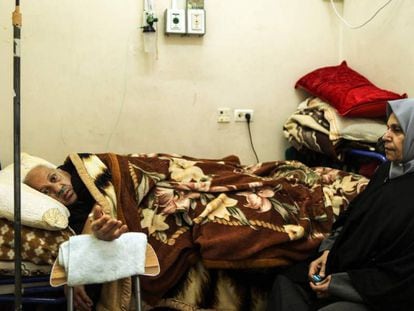 Un paciente oncol&oacute;gico recibe tratamiento en un hospital de Gaza.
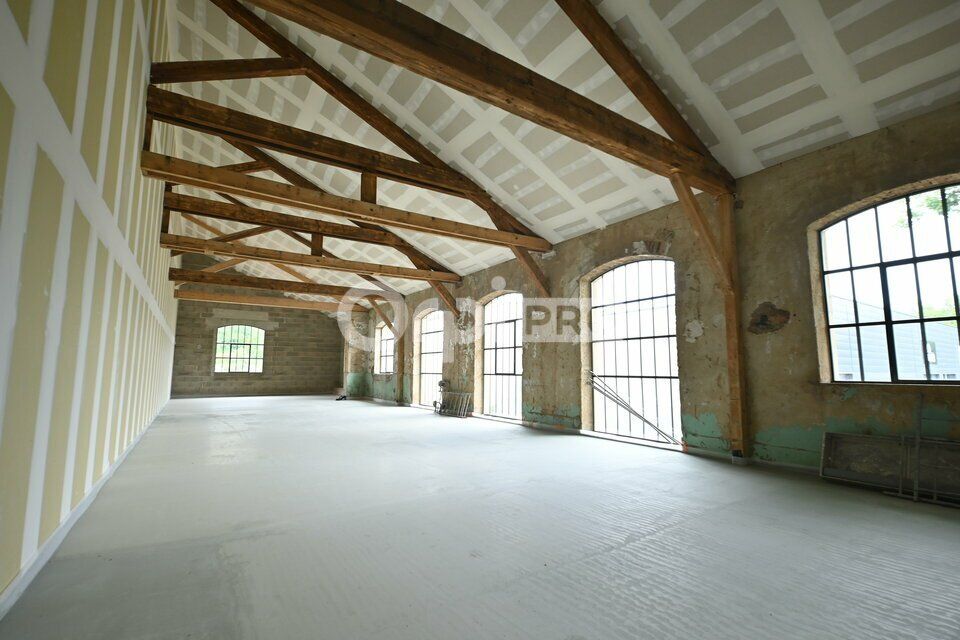 Vente bureaux 412.42 m² divisibles à partir de 192.24 m²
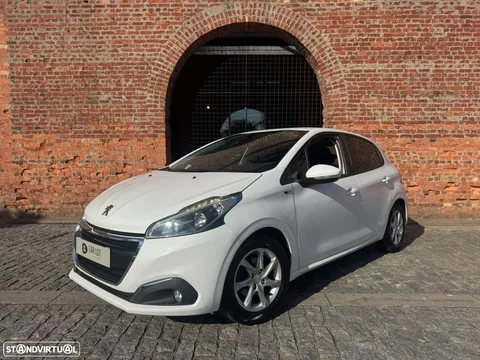 Peugeot 208 1.6 BlueHDi Style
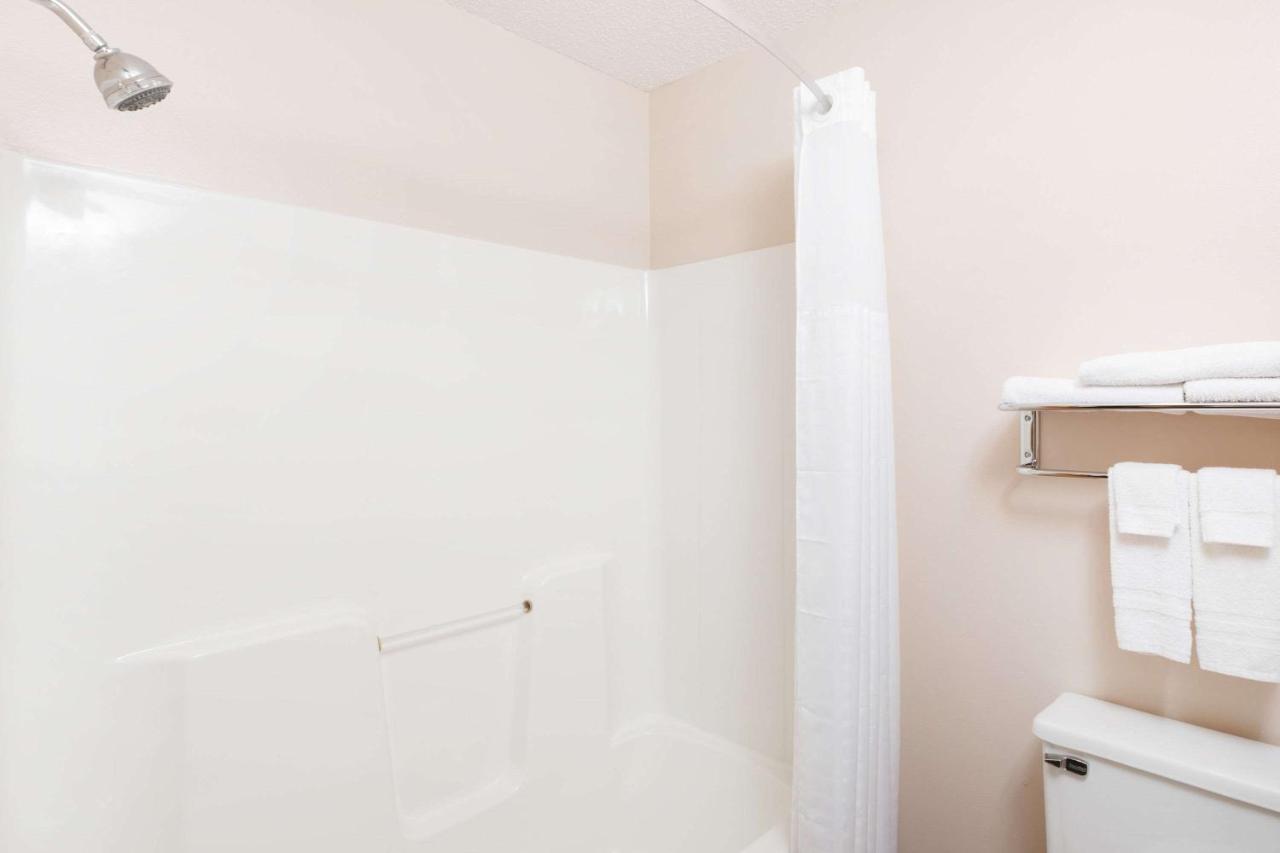 Super 8 by Wyndham Jefferson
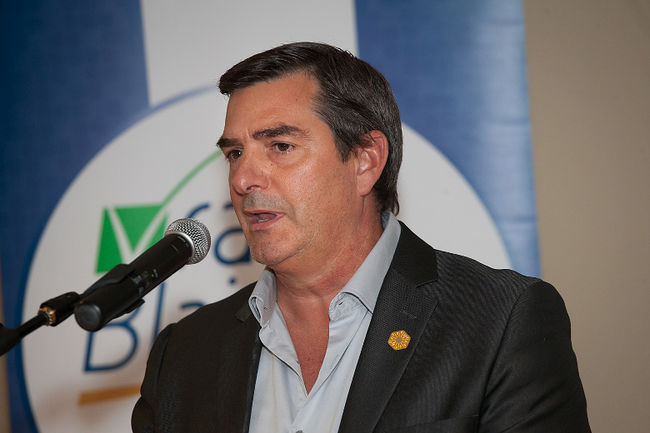 Des candidats annoncent des engagements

====================

> **Requirement**
Reproduce every entry above exactly, and omit the pictures.

> **Response box**
 Un paciente oncol&oacute;gico recibe tratamiento en un hospital de Gaza.
 Vente bureaux 412.42 m² divisibles à partir de 192.24 m²
 Peugeot 208 1.6 BlueHDi Style
 Super 8 by Wyndham Jefferson
 Des candidats annoncent des engagements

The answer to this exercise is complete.